» **Brief**
In the data below, restate exactly the lines from the one with "Gopalganj Large Pigeon Male" to the final line, both included, but not the pictures.

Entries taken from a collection
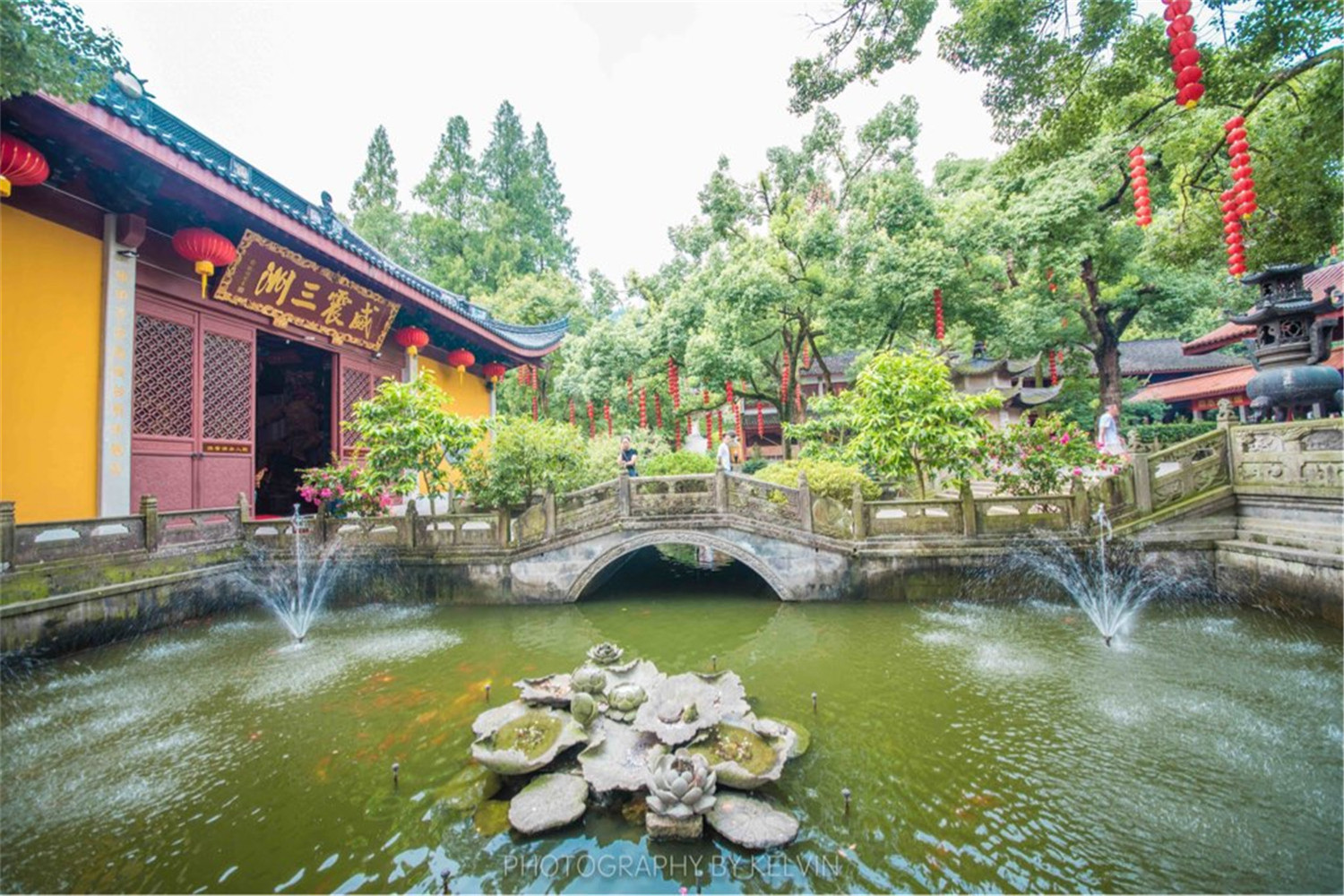 杭州西湖领略西湖之美,杭州西湖美景打卡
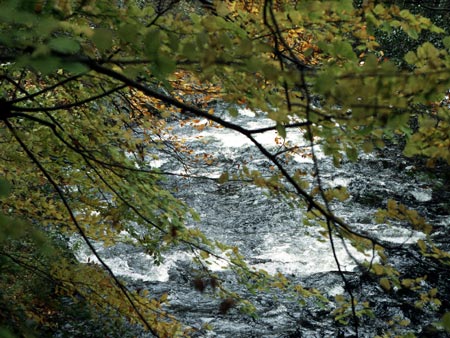 Auch der Harz kommt nach Ansicht der Forscher als Versteck in Frage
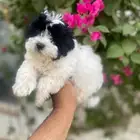 جراوي دلع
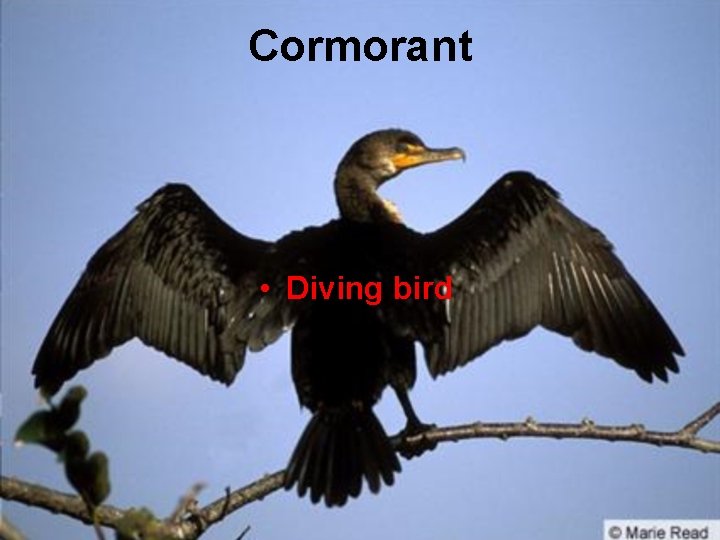 Cormorant • Diving bird 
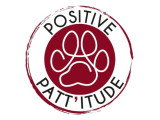 Positive Patt'itude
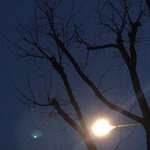 욕 쓰는 사람 보면 정<b>털</b><b>림</b>..?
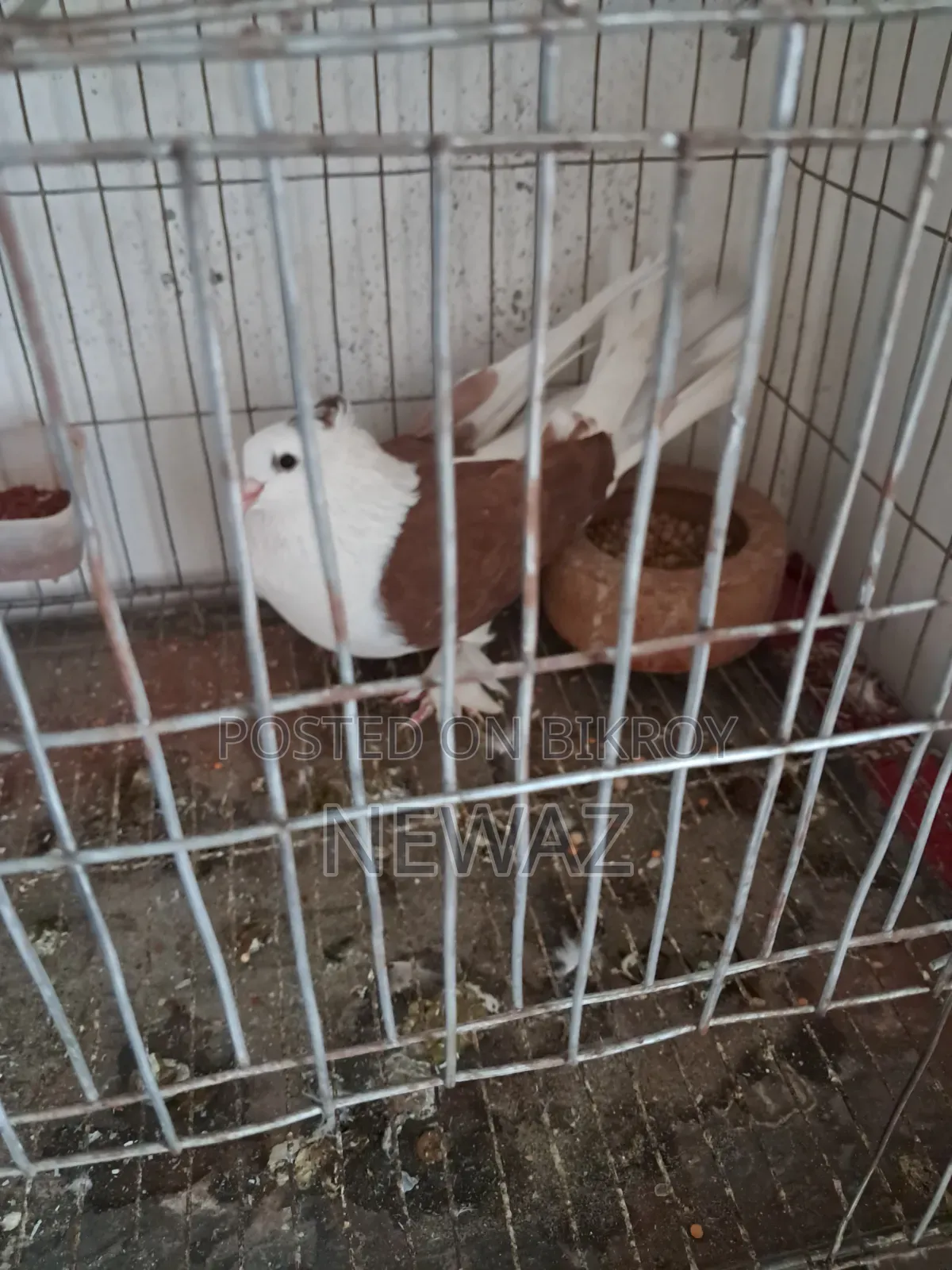 Gopalganj Large Pigeon Male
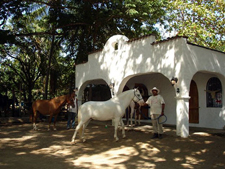 Costa Rica-Guanacaste-Ranches, Volcanoes & Beaches in Guanacaste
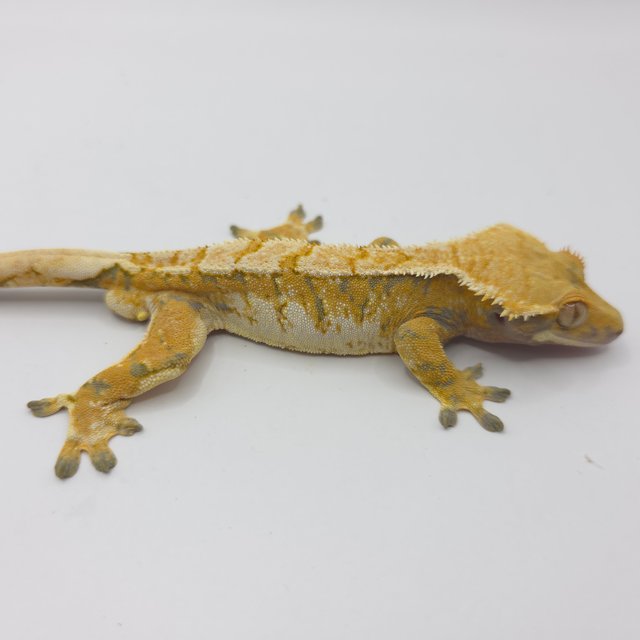 노멀 트라이 익스트림할리퀸 화이트핀 화이트크라운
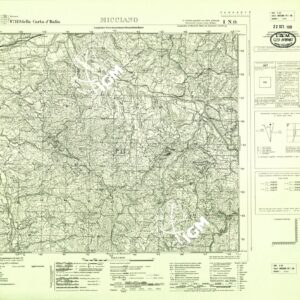 119 I-NO (MICCIANO) Anno: 1942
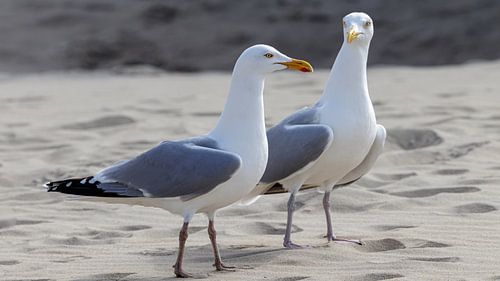 Een dagje strand.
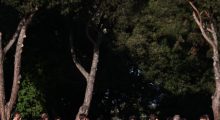 Sfida e rikuperimit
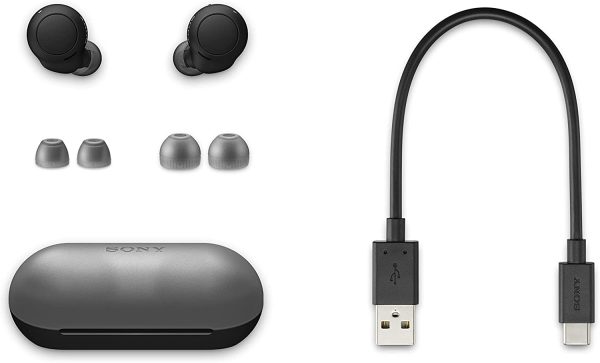 WF-C500 Truly Wireless in-Ear Bluetooth Earbud Headphones with Mic and IPX4 Water Resistance, Black - Image 9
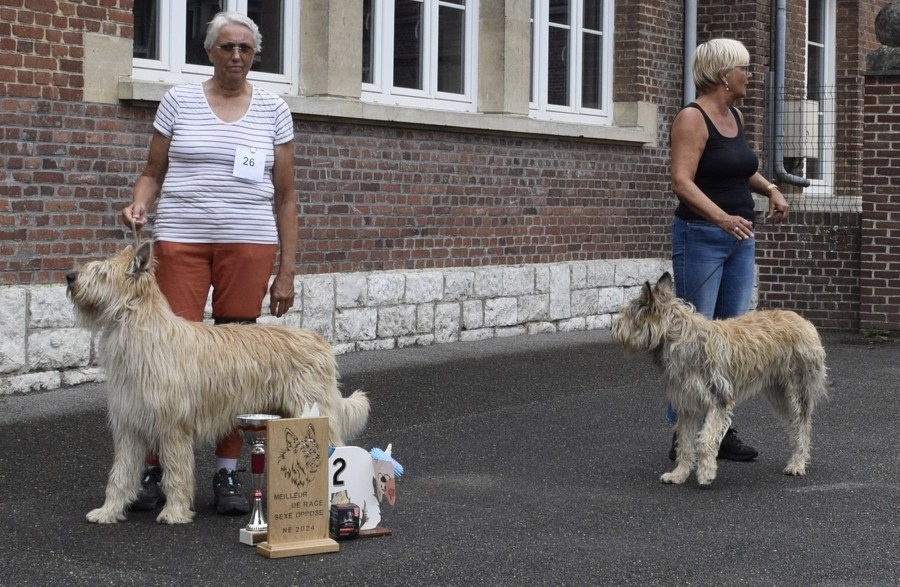 Naissances prévues mi juillet 2026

» **Reply**
 Gopalganj Large Pigeon Male
 Costa Rica-Guanacaste-Ranches, Volcanoes & Beaches in Guanacaste
 노멀 트라이 익스트림할리퀸 화이트핀 화이트크라운
 119 I-NO (MICCIANO) Anno: 1942
 Een dagje strand.
 Sfida e rikuperimit
 WF-C500 Truly Wireless in-Ear Bluetooth Earbud Headphones with Mic and IPX4 Water Resistance, Black - Image 9
 Naissances prévues mi juillet 2026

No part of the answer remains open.